Records shown =
::::::::::

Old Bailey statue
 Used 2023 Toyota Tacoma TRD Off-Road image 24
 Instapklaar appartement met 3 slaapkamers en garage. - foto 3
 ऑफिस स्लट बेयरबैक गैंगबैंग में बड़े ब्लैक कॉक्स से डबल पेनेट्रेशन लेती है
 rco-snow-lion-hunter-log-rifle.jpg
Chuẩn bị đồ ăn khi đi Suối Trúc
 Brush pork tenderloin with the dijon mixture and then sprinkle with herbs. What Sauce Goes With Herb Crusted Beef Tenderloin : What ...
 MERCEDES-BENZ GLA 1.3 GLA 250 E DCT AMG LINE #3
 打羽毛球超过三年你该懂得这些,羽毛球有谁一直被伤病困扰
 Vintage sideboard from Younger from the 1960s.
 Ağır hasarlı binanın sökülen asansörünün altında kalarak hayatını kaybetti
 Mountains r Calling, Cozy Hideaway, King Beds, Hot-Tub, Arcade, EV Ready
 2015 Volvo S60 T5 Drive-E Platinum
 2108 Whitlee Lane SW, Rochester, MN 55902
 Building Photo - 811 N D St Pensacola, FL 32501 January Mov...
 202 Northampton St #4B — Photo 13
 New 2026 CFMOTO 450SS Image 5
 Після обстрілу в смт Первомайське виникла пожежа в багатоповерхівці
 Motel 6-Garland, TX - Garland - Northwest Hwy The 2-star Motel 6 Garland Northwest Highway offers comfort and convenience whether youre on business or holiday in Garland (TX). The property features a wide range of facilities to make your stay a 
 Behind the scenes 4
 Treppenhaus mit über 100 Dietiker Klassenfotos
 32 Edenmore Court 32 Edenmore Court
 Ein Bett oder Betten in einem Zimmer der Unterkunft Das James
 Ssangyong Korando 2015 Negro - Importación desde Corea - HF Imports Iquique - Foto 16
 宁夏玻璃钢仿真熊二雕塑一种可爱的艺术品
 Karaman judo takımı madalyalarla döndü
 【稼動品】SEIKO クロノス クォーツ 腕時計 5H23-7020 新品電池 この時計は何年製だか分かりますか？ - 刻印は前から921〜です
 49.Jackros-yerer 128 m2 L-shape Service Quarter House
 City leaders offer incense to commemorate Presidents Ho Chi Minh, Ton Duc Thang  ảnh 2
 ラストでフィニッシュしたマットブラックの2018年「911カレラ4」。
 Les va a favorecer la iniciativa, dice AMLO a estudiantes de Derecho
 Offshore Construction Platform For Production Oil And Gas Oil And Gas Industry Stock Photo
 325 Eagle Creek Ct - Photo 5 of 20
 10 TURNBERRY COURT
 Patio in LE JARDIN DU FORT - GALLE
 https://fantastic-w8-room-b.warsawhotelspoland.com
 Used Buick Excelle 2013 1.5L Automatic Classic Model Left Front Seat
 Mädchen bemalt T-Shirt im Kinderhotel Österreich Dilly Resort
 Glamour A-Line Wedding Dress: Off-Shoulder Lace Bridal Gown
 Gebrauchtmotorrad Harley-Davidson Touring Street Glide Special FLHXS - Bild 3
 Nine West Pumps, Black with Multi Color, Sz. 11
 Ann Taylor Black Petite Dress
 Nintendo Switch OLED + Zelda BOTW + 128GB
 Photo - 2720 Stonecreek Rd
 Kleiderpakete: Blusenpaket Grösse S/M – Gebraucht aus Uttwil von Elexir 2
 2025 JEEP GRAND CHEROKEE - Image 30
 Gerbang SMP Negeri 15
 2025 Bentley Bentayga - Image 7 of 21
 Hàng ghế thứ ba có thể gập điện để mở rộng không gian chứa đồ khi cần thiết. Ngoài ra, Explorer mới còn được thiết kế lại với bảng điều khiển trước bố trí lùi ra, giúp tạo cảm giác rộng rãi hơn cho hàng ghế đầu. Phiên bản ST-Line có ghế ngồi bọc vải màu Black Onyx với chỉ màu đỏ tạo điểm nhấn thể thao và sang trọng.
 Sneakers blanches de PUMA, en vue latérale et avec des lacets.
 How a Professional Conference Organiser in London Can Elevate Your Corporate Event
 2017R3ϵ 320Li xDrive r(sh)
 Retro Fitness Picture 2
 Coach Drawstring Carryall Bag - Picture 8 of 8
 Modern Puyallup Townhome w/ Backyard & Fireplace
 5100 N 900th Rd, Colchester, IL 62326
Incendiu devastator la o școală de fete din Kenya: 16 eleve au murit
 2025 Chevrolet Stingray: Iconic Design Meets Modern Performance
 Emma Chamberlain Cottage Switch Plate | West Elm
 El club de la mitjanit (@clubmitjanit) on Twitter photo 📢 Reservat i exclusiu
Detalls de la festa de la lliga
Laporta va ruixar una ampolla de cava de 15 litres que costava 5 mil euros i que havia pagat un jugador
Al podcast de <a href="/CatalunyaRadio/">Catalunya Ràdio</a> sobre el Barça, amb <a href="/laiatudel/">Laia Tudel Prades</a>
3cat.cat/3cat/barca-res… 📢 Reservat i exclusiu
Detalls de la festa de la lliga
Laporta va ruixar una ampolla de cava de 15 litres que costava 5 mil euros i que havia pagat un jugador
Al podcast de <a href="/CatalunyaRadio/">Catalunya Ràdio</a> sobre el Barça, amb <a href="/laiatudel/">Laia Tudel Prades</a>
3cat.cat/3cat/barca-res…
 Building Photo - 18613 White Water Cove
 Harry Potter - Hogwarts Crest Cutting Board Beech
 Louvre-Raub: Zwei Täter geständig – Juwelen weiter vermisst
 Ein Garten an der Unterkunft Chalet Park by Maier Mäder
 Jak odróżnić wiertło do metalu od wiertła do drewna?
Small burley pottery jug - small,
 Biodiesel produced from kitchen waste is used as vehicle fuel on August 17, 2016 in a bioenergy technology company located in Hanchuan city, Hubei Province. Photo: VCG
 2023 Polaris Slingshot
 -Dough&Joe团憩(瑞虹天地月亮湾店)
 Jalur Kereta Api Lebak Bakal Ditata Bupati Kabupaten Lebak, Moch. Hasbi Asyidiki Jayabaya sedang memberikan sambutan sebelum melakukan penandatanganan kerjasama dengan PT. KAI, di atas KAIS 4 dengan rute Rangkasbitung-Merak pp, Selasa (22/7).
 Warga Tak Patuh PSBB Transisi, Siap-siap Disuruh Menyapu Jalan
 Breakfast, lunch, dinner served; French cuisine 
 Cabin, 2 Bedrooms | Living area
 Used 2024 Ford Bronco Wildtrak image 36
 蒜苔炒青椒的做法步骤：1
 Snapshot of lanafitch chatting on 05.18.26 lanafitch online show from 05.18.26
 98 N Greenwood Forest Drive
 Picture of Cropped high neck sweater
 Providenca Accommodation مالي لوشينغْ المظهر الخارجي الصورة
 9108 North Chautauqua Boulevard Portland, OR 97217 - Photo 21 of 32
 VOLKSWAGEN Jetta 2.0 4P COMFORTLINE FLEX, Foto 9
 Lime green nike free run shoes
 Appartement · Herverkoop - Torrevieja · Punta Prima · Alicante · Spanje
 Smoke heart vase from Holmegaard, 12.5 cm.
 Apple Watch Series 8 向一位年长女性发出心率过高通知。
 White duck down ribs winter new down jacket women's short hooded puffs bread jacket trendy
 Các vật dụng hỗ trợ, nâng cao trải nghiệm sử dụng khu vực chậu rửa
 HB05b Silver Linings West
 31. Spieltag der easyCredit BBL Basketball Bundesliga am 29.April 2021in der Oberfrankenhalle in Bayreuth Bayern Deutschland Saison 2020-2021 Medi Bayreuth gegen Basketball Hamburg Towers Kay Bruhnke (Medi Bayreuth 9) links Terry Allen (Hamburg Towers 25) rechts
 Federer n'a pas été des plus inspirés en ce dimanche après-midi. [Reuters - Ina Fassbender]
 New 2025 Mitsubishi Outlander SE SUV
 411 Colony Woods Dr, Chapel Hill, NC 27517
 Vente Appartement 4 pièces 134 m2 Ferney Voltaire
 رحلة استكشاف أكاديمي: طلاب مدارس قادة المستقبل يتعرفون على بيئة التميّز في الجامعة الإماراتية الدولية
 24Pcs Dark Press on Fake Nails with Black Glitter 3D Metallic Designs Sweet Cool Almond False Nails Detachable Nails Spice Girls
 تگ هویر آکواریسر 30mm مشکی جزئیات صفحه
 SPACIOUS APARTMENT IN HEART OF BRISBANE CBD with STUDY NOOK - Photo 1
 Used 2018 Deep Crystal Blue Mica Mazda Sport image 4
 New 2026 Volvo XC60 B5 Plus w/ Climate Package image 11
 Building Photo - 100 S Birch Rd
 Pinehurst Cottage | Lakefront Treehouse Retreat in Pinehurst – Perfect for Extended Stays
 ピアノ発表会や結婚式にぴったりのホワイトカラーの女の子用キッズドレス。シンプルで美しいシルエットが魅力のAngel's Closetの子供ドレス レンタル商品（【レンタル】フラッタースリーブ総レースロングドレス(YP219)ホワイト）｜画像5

::::::::::

The task = Taking the line with "2108 Whitlee Lane SW, Rochester, MN 55902" as the first and the line with "Used Buick Excelle" as the last, retype that stretch of the data above exactly, with no other lines.

Output of the task =
 2108 Whitlee Lane SW, Rochester, MN 55902
 Building Photo - 811 N D St Pensacola, FL 32501 January Mov...
 202 Northampton St #4B — Photo 13
 New 2026 CFMOTO 450SS Image 5
 Після обстрілу в смт Первомайське виникла пожежа в багатоповерхівці
 Motel 6-Garland, TX - Garland - Northwest Hwy The 2-star Motel 6 Garland Northwest Highway offers comfort and convenience whether youre on business or holiday in Garland (TX). The property features a wide range of facilities to make your stay a 
 Behind the scenes 4
 Treppenhaus mit über 100 Dietiker Klassenfotos
 32 Edenmore Court 32 Edenmore Court
 Ein Bett oder Betten in einem Zimmer der Unterkunft Das James
 Ssangyong Korando 2015 Negro - Importación desde Corea - HF Imports Iquique - Foto 16
 宁夏玻璃钢仿真熊二雕塑一种可爱的艺术品
 Karaman judo takımı madalyalarla döndü
 【稼動品】SEIKO クロノス クォーツ 腕時計 5H23-7020 新品電池 この時計は何年製だか分かりますか？ - 刻印は前から921〜です
 49.Jackros-yerer 128 m2 L-shape Service Quarter House
 City leaders offer incense to commemorate Presidents Ho Chi Minh, Ton Duc Thang  ảnh 2
 ラストでフィニッシュしたマットブラックの2018年「911カレラ4」。
 Les va a favorecer la iniciativa, dice AMLO a estudiantes de Derecho
 Offshore Construction Platform For Production Oil And Gas Oil And Gas Industry Stock Photo
 325 Eagle Creek Ct - Photo 5 of 20
 10 TURNBERRY COURT
 Patio in LE JARDIN DU FORT - GALLE
 https://fantastic-w8-room-b.warsawhotelspoland.com
 Used Buick Excelle 2013 1.5L Automatic Classic Model Left Front Seat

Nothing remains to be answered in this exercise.